Projection predictive variable selection – A review and recommendations for the practicing statistician

Author

Aki Vehtari

Published

2018-03-06

Modified

2026-03-28

1 Introduction

This notebook was inspired by an article by Heinze, Wallisch, and Dunkler (2018). They provide “an overview of various available variable selection methods that are based on significance or information criteria, penalized likelihood, the change-in-estimate criterion, background knowledge, or combinations thereof.” I agree that they provide sensible recommendations and warnings for those methods. Similar recommendations and warnings hold for information criterion and naive cross-validation based variable selection in Bayesian framework as demonstrated by Piironen and Vehtari (2017a).

Piironen and Vehtari (2017a) and Pavone et al. (2022) demonstrate also the superior stability of projection predictive variable selection (see specially figures 4 and 10). In this notebook I demonstrate the projection predictive variable selection method as presented by Piironen, Paasiniemi, and Vehtari (2020) and McLatchie et al. (2025), and implemented in R package projpred. I use the same body fat data as used in Section 3.3 of the article by Heinze, Wallisch, and Dunkler (2018). The dataset with the background information is available here but Heinze, Wallisch, and Dunkler (2018) have made some data cleaning and I have used the same data and some bits of the code they provide in the supplementary material. There still are some strange values like the one person with zero fat percentage, but I didn’t do additional cleaning.
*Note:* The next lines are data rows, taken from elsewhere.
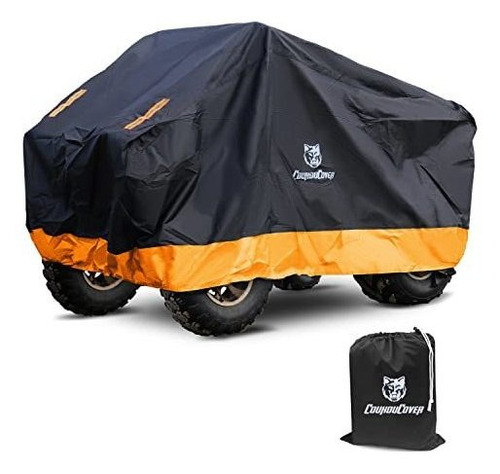 Pijama, Funda Para Motoci Coukoucover 300d Negro Naranja Imp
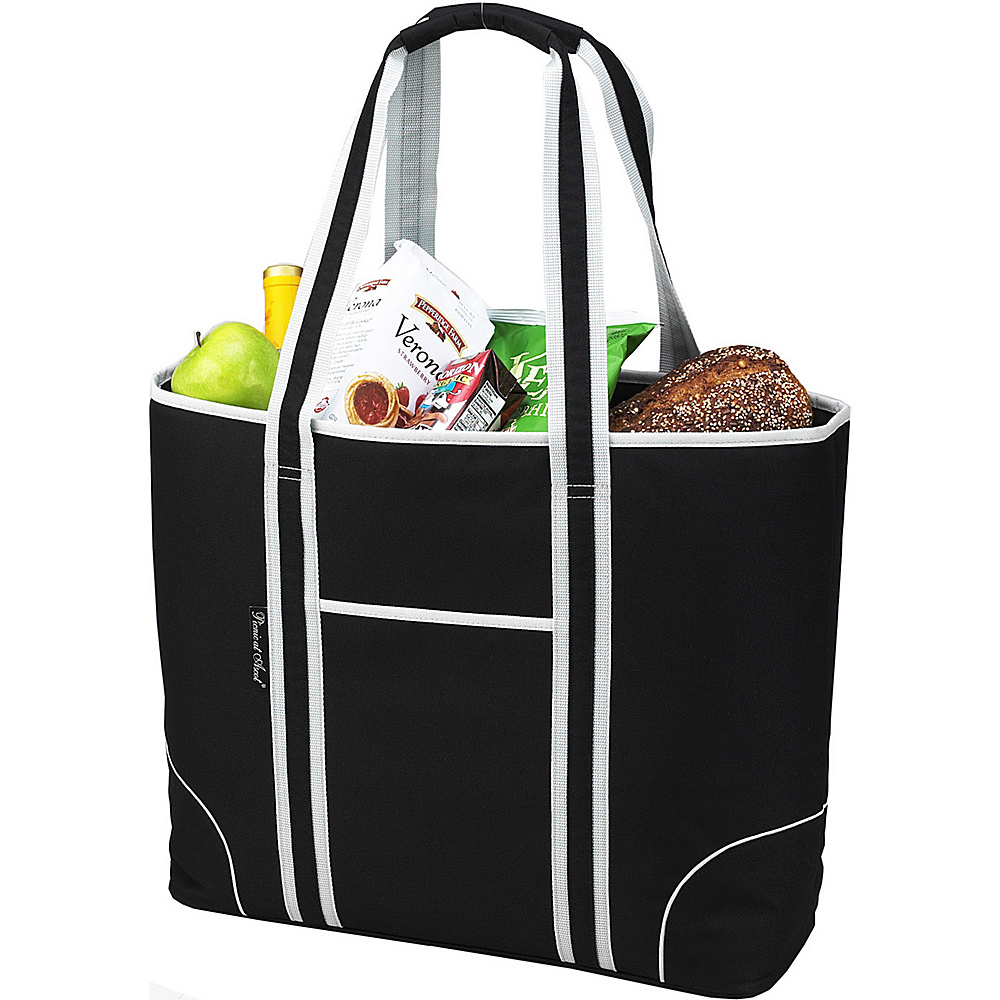 Picnic at Ascot Extra Large Insulated Cooler Bag 30 Can Tote Black Picnic at Ascot Outdoor Coolers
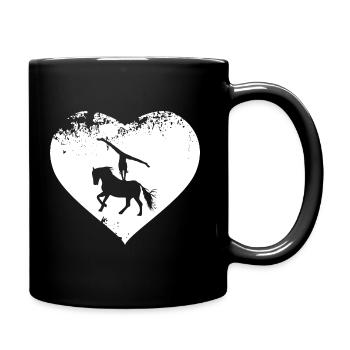 Chevaux Cheval Voltigeur Voltigieren Volti - Mug uni - noir - Droite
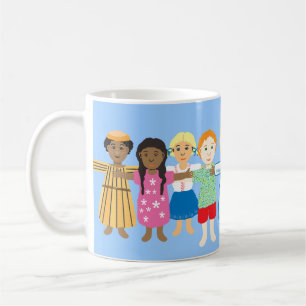 Jesus and the little children coffee mug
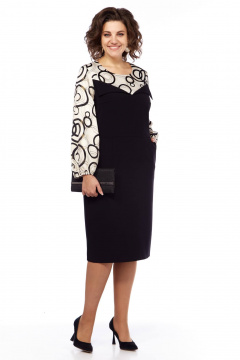 Платье из текстиля с вытачками и карманами, полуприлегающего силуэта Matini 3.1145/1 круги - фото 3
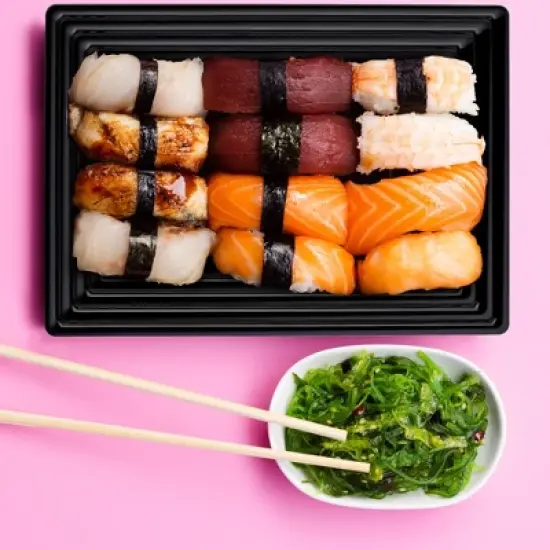 Smarty Had A Party 9" x 13" Black Rectangular Plastic Serving Trays - 24 pcs image {9}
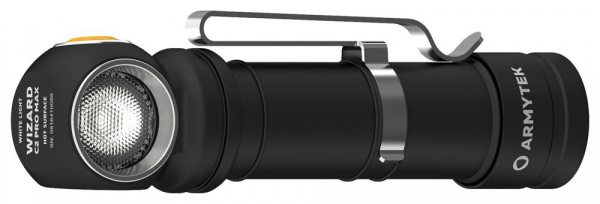 Фонарь налобный Armytek Wizard C2 Pro Max Magnet USB Cree +ABM01/1x18650/3720 лм (теплый свет)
This notebook was initially created in 2018, but was later extended to an article “Using reference models in variable selection” by Pavone et al. (2022).

The excellent performance of the projection predictive variable selection comes from following parts

Bayesian inference using priors and integration over all the uncertainties makes it easy to get good predictive performance with all variables included in the model (Piironen and Vehtari 2017b, 2018; Piironen, Paasiniemi, and Vehtari 2020)
Projection of the information from the full model to a smaller model is able to include information and uncertainty from the left out variables (while conditioning of the smaller model to data would ignore left out variables) (Piironen, Paasiniemi, and Vehtari 2020; Pavone et al. 2022).
During the search through the model space comparing the predictive distributions of projected smaller models to the predictive distribution of the full model reduces greatly the variance in model comparisons (Piironen and Vehtari 2017a).
Even with greatly reduced variance in model comparison, the selection process slightly overfits to the data, but we can cross-validate this effect using the fast Pareto smoothed importance sampling leave-one-out cross-validation (Vehtari, Gelman, and Gabry 2017; Vehtari et al. 2024)

Excellent performance of projection predictive variable selection compared to other Bayesian variable selection methods was presented by Piironen and Vehtari (2017a). Piironen, Paasiniemi, and Vehtari (2020) present further improvements such as improved model size selection and several options to make the approach faster for larger number of variables or bigger data sets. Vehtari and Ojanen (2012) present theoretical justification for projection predictive model selection and inference after selection.

Note that if the goal is only the prediction no variable selection is needed. The projection predictive variable selection can be used to learn which are the most useful variables for making predictions and potentially reduce the future measurement costs. In the bodyfat example, most of the measurements have time cost and there is a benefit of finding the smallest set of variables to be used in the future for the predictions.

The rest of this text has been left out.